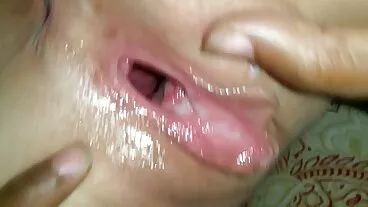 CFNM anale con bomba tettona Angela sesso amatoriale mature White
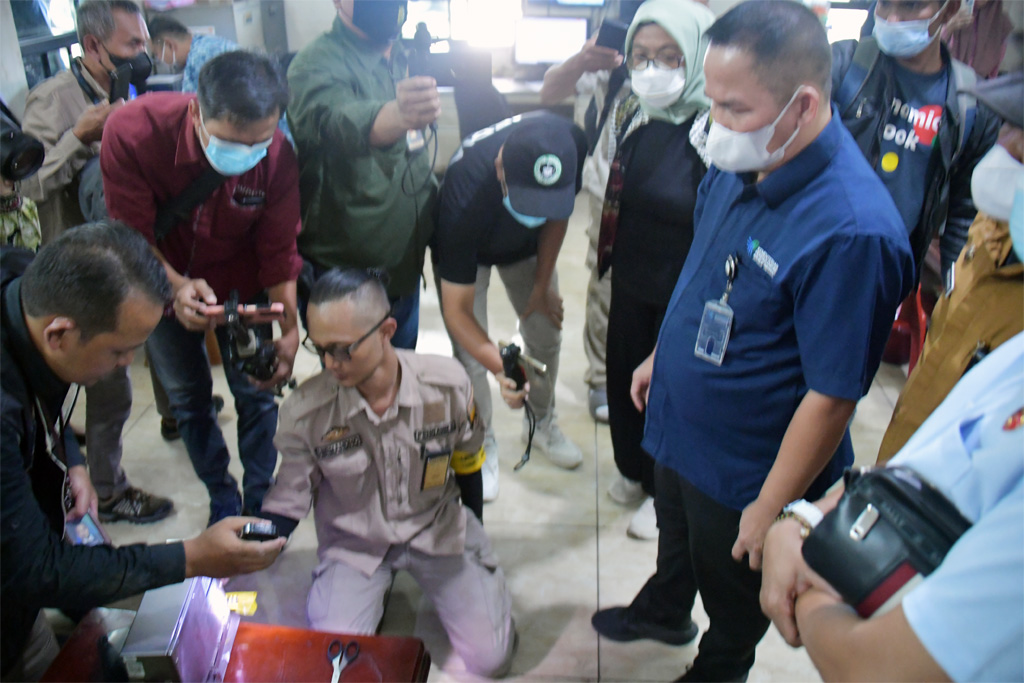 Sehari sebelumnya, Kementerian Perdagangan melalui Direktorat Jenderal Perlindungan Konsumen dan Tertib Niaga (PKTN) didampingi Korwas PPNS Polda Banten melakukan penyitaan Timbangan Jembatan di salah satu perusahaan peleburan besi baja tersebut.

...

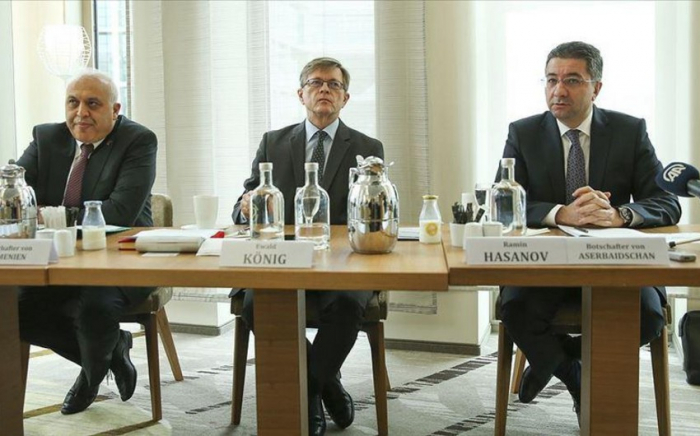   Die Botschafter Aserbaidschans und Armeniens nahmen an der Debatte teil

**TASK TO COMPLETE**.
Give again the stretch of lines above from the one with "CFNM anale con" through the one with "Sehari sebelumnya, Kementerian", both ends kept, and copy no pictures.

**SOLUTION FOR THIS EXERCISE**.
 CFNM anale con bomba tettona Angela sesso amatoriale mature White
 Sehari sebelumnya, Kementerian Perdagangan melalui Direktorat Jenderal Perlindungan Konsumen dan Tertib Niaga (PKTN) didampingi Korwas PPNS Polda Banten melakukan penyitaan Timbangan Jembatan di salah satu perusahaan peleburan besi baja tersebut.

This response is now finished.